Carta que, aliás, rompe com uma longa tradição do Ministério da Justiça, onde existe um protocolo que recomenda que se deve manter silêncio sobre casos politicamente sensíveis a menos de 60 dias de uma eleição. Esta foi a crítica mais frequente a Comey, que foi ministro-adjunto da Justiça de Gonzalez na administração Bush.

Um ponto sublinhado também por Eric Holder, anterior ministro da Justiça de Obama, num artigo no Washington Post. Holder chama-lhe uma “violação impressionante” do protocolo da Justiça que terá “potenciais sérias implicações” na campanha eleitoral. “Compete-lhe agora dissipar a incerteza que criou antes das eleições, corrigir o erro não para o bem de um candidato mas para proteger o nosso sistema de justiça”, escreveu Holder, que considera Comey um homem “honrado” e “íntegro” que cometeu um erro.

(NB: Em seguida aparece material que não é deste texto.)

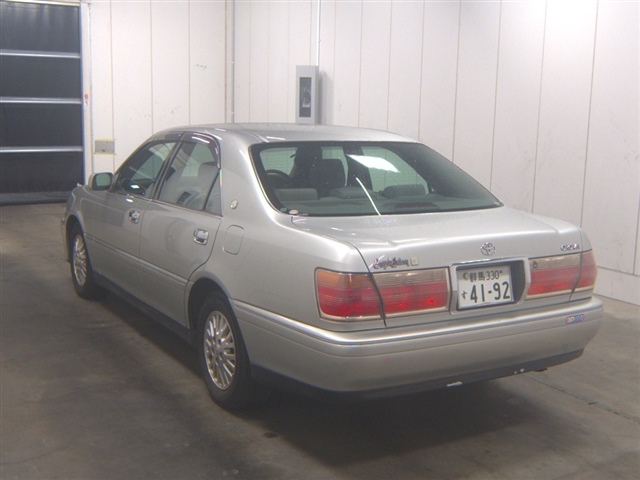 TOYOTA CROWN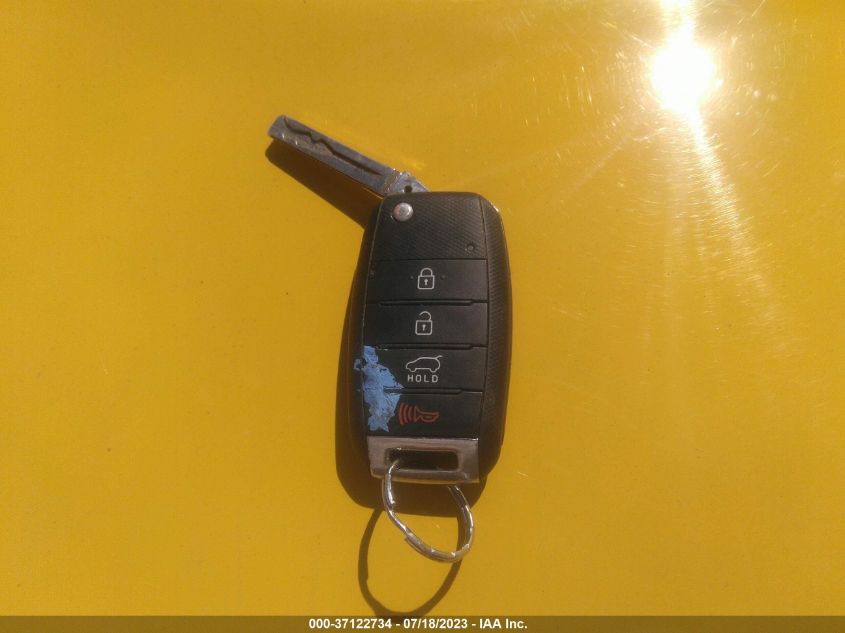 2015 KIA SOUL + - KNDJP3A54F7178571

Outro republicano e outro antigo ministro da Justiça de Bush, Michael Mukasey, criticou Comey por razões um pouco diferentes. “Não compete ao director do FBI decidir quem é acusado ou não. Compete-lhe recolher provas e ele não cumpriu essa função muito bem”, disse. “Ele não se devia ter colocado, nem devia ter colocado o Ministério da Justiça em tal embaraço”, acrescentou.

A generalidade das críticas incide na questão do protocolo e da prática das administrações em evitarem lançar processos a alguém envolvido em eleições a menos de 60 dias da ida às urnas. Ao receber informação tida por sensível da equipa de investigadores do FBI na quinta-feira passada sobre Hillary Clinton, Comey poderia ter prosseguido a investigação em sigilo, esperando pelo desfecho eleitoral para divulgar o que entendesse sobre o caso. Só desta forma cumpriria o protocolo e respeitaria a prática corrente no país.

Ao optar pela divulgação, provavelmente para mostrar a sua independência em relação ao governo e a isenção do FBI, acabou por colocar a polícia que dirige no centro do maior furacão político destas eleições, num efeito perverso daquilo que visaria com a sua decisão “apolítica”.

Acresce que ontem surgiu uma notícia no canal televisivo CNBC e no Huffington Post segundo a qual Comey ter-se-á oposto a que o FBI subscrevesse uma posição pública das várias agências de espionagem americanas denunciando a Rússia como responsável pela pirataria informática de que foram alvo os computadores do Partido Democrático no Verão passado. O argumento seria o de que essa posição pública seria susceptível de interpretações políticas indesejáveis dada a proximidade das eleições.

O Partido Democrático não perdeu tempo a acusar Comey de “ruidosa duplicidade de critérios”, alegadamente porque se preocuparia em respeitar o protocolo nuns casos e desrespeitá-lo noutros. O FBI recusou-se a comentar.

Quem não pôde esquivar-se a comentar a situação foi o porta-voz da Casa Branca, que se recusou a “defender ou a criticar” a decisão do director do FBI. Mas foi dizendo que o presidente acredita que as normas e as tradições que limitam a discussão pública de casos em investigação devem ser respeitadas, naquilo que parece um remoque a Comey, que contudo classificou como um “homem de princípios, de integridade e de bom carácter”. E lembrou que foram essas características que levaram duas administrações diferentes a escolhê-lo para cargos de grande relevo e o Senado a aprovar a escolha por esmagadora maioria.

James Comey começou por se registar como republicano, mas tornou-se independente posteriormente. Serviu na Administração de George W. Bush como ministro-adjunto da Justiça e mais tarde o presidente Obama escolheu-o para dirigir o FBI. A sua reputação de homem íntegro, isento e competente não foi posta em causa por ninguém neste processo, excepto por Trump na sequência da decisão de Julho de não acusar Hillary Clinton.

A sua atitude na semana passada, porém, colocou-o no centro de um furacão política e ironicamente veio favorecer a única figura pública que pôs em dúvida o seu bom nome.